Democratic Lieutenant Governor John Fetterman, who was also a candidate for the U.S. Senate at the time, stated on the day of the election that he and his wife, Giselle Fetterman, had done their part in voting. He said that there were, "Big questions including making sure Pennsylvania is able to respond in an emergency without partisan bickering." Fetterman and his wife opposed amendments 1 and 2, and supported amendment 3.

Republican State Representative Jesse Topper assured constituents of his who were skeptical of the amendment's effects that there was no ill intent. "There are some who are generally skeptical, because the word 'equality' has been somewhat co-opted over the years by left-leaning groups to mean whatever they want it to mean."

Democratic State Representative Donna Bullock said that if the equality amendment were to fail and the two GOP-backed governor emergency amendments passed, it would be an ominous sign.
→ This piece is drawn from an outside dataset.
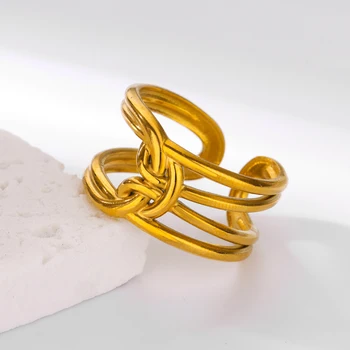 Wrap Knot Double Layer Rings for Women Stainless Steel Gold Color Open Adjustable Ring Aesthetic Wedding Waterproof Jewelry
If that happened, she believed that it would "be a hit to morale," and that it would "say to me, personally, that we have a lot more work to do in this state to address racism and bias, and that it's deeper than we thought."

==== Other ====

===== Organizations =====
The ACLU of Pennsylvania supported the amendment, believing that it could have lasting impacts on issues such as systemic racism and that it would allow for state courts to make rulings against Pennsylvania governmental entities who had lacked action on providing equality of rights.

The Pennsylvania Democratic Party said that Amendment 3 "offers additional protection against laws or policies" that would abridge the legal rights of Communities of Color, and "codifies the progress many Pennsylvanians have fought for so long." It went on to say that top attorneys and lawmakers advised that "widely spread social media posts [that] suggest this amendment will create unforeseen civil rights vulnerabilities" were false, and that "Leading justice organizations like the ACLU support this measure." It urged individuals to vote in favor "to help ensure equal rights under the law for all Pennsylvanians."

The Northampton County Council approved in a unanimous, 8–0 vote, a resolution supporting the amendment.

===== Editorials =====
The Philadelphia Inquirer Editorial Board backed the amendment and recommended that people vote in favor, saying, "There are protections against discrimination in the Pennsylvania constitution, but this amendment aims to make it as clear as possible by adding to article I of the Commonwealth's constitution that 'equality of rights under the law shall not be denied or abridged because of an individual's race or ethnicity.'" This, it believed, would codify "an existing and important protection."

The Observer-Reporter Editorial Board supported the measure, saying that, "Sixteen other state constitutions have similar amendments," and that "Pennsylvania should join them." It also felt that the amendment "would spell out clearly that Pennsylvania does not countenance bigotry and intolerance based on race or ethnicity. Who, in the 21st century, could object to that?"

=== Opposition ===
Opposition to the amendment was small and limited to social media, with a majority of conservative messaging either keeping silent on the issue, or advocating for voters to support all three amendments on the ballot that year. One graphic, however, called for voters to support amendments one and two, but to oppose amendment 3, arguing that racial discrimination was already illegal, and that adding ethnicity to the constitution without defining it "invites extreme abuse of the law." The origin of the graphic was unclear.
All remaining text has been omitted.